Aunque fue una decisión mayoritaria en la Sala Penal, dos magistrados presentarán salvamento de voto, pues no comulgaron, por razones que todavía no se conocen, con la ponencia. El fallo significa, sin embargo, que Monsalvo Gnecco, hijo de Cielo Gnecco y delfín de su poderoso grupo familiar, podrá seguir al frente del departamento del Cesar. El mandatario siempre ha sido considerado como el heredero de la maquinaria de su familia, cuyo auge se dio hacia los años 80 cuando llegaron al departamento a invertir en bombas de gasolina y tractomulas para el transporte de carbón.

(Lea también: La trastienda electoral en clave vallenata: la lucha por el poder en la tierra de los Gnecco)

El pacto de Tierra Prometida

Monsalvo Gneccó ganó esas elecciones y en 2012 arrancó su primer mandato. En los primeros meses de su administración, sin embargo, le llegó la notificación de una sentencia de la Corte Constitucional que supondría un obstáculo para una de sus promesas de campaña. El alto tribunal falló una tutela sobre el predio La Sabana, donde también hay un asentamiento de personas víctimas de desplazamiento, y ordenó el desalojo de todas las familias que estaban allí, así como su reubicación en un albergue y la promoción de una política pública que protegiera su derecho fundamental a la vivienda digna.
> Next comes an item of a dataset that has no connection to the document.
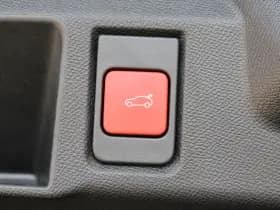 Opel Grandland 1.6 Turbo Plug-in-Hybrid Ultimate thumbnail 50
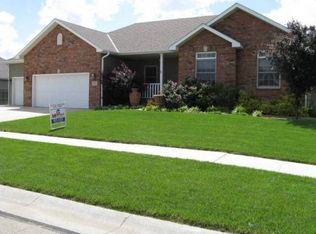 514 S Estates Dr, Salina, KS 67401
En el fallo, la Corte tuteló el derecho a la propiedad privada del dueño del predio, Mauricio Pimienta, reconoció que denunció a tiempo la ocupación ilegal del predio y dijo que las casas de invasión que había allí tampoco eran vivienda digna porque, entre otras cosas, no tenían acceso a servicios básicos. Ante la amenaza inminente de que las desalojaran, el 23 de junio de 2012, las comunidades de La Sabana y Tierra Prometida, “adelantaron una marcha desde el predio invadido hasta la Gobernación, donde exhibieron copias del documento firmado exigiendo al gobernador el cumplimiento del compromiso”, aseguró la Fiscalía en el escrito de acusación contra Monsalvo Gnecco.

“Al ser el aspirante con mayor opción, (Monsalvo Gnecco) acudió a ciudadanos desprotegidos, víctimas del entonces conflicto armado, en una condición manifiesta de marginalidad, con la intención dolosa de alcanzar el falso favor de los electores merced a la prebenda corruptora manifestada en la promesa de dádiva analizada (...) es incuestionable la responsabilidad penal de Luis Alberto Monsalvo Gnecco como autor del delito de corrupción al sufragante”, dijo la Sala de Primera Instancia al condenarlo por el delito de corrupción al sufragante en julio del año pasado.